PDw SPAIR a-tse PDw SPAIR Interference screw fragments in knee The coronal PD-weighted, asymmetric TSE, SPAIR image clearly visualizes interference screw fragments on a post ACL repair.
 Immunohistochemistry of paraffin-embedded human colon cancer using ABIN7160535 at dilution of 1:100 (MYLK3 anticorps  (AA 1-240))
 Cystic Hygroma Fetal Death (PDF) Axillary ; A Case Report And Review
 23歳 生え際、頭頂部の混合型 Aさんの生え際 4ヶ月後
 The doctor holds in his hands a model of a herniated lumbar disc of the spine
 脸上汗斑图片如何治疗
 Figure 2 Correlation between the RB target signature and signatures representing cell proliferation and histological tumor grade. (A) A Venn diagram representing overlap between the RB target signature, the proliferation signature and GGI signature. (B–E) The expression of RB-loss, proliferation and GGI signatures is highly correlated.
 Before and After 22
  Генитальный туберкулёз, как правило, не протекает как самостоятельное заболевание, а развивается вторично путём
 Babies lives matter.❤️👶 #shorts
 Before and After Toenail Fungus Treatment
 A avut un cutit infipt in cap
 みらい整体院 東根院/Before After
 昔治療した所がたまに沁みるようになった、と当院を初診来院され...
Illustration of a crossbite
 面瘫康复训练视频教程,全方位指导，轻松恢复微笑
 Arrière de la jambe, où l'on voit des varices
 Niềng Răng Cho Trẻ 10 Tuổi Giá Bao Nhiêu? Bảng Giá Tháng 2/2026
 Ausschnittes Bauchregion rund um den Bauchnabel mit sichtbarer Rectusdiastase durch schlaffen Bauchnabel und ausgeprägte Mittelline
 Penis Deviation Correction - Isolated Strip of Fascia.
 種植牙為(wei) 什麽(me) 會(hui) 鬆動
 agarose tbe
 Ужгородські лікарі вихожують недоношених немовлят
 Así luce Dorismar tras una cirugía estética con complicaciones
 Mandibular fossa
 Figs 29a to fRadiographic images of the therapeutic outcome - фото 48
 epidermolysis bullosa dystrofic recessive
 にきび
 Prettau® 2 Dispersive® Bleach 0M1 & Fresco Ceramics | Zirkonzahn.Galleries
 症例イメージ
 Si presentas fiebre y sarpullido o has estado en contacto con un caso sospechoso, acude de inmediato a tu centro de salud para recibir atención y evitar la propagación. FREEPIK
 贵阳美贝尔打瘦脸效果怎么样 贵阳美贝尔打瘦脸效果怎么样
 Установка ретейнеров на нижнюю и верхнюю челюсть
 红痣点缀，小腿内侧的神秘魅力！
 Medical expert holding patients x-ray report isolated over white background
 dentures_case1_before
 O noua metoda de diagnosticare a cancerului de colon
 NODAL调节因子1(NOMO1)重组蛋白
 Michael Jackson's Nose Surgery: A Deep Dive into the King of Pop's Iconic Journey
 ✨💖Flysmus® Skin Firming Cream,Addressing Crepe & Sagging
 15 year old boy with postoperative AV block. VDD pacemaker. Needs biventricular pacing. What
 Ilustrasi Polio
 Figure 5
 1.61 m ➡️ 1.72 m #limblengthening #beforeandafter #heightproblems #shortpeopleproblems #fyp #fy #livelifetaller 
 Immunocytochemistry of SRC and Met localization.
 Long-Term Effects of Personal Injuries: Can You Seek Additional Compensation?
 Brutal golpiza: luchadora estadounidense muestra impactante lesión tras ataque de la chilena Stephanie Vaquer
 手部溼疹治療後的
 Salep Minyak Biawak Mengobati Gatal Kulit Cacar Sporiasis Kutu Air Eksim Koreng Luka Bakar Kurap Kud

----

- ACTIVITY: Show the lines above that include "Figure".

- ANSWER FOR THE TASK:
 Figure 2 Correlation between the RB target signature and signatures representing cell proliferation and histological tumor grade. (A) A Venn diagram representing overlap between the RB target signature, the proliferation signature and GGI signature. (B–E) The expression of RB-loss, proliferation and GGI signatures is highly correlated.
 Figure 5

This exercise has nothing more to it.